Thursday, June 11, 2015

Time Value as Defined Product

Even though time value remains a sought after (defined) product in many instances, much of the time value which represents broad income aggregates, is presently undefined. In the twentieth century, time value became somewhat murky in terms of contribution to product definition and compensation patterns. While divisions of labor meant productivity gains for non tradable goods, labor divisions for services formation did not always benefit from the same dynamic.

Services product which relies on time value, is radically different from the product of traditional manufacture. The experiential good of time based product, is easier to capture through horizontal (direct or person to person) alignment. Just the same, the services organizations which represent time based product, have utilized the hierarchical patterns of traditional manufacture - in spite of the productivity and marketplace losses which have resulted. Instead of a thriving knowledge use marketplace for entrepreneurs (particularly healthcare and education), today's services formations are now caught in a painful scaling back process.
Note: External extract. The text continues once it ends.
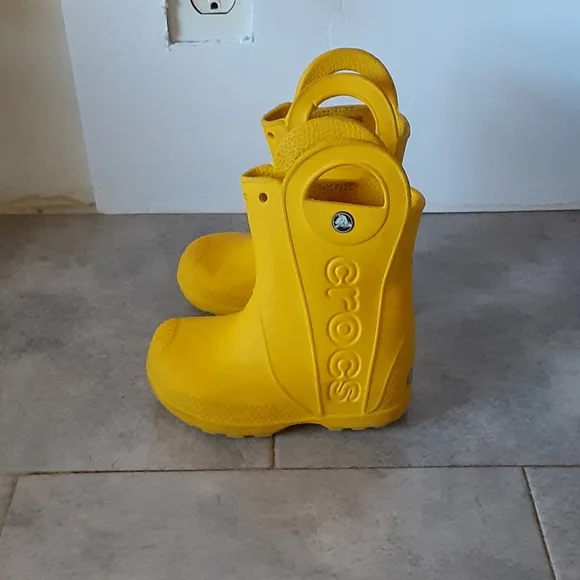 CROCS  SIZE  8 KIDS - Picture 2 of 5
As Arnold Kling and others have noted, time value as undefined product also exists in the form of organizational capital. This form of time value particularly reflects organization - or coordination - from a top down perspective. In many firms, one's time value ultimately contributes to product definition which exists well beyond one's input. According to Arnold Kling:
In an Alchian-Demsetz firm, marginal product is not defined. Think of a business that has exactly one full-time tax accountant (TA). In a sense, the marginal product of the TA is zero, since the TA contributes zero output. On the other hand, the tasks performed by the TA have tremendous value...We do not produce output. We produce organizational capital. So most of us have undefined marginal product.
How might one's time value consist of defined product, instead? It depends on whether given knowledge or skills sets are capable of meeting the consumer's request, without intermediary assistance. As intermediaries, many firms arbitrage time value on behalf of employees who accept partial compensation. While time value still directly contributes to output in some instances, hierarchical structures can have high transaction costs for both employers and employees, when services are the output. Corporate structures are needed which make it easier for individuals to contribute to output - both as providers and recipients.

New corporate structures could do so by creating a local marketplace for services entrepreneurs. In hierarchical services structures, compensation for hours worked represents an expense to the firm. Monetary compensation would proceed differently, in the time arbitrage of knowledge use systems. When service product is defined and reciprocated in the same time/group setting, time value becomes a new resource, made available for mutual gain on the part of everyone involved. Coordinated services formation can allow the rediscovery, of time value as defined product.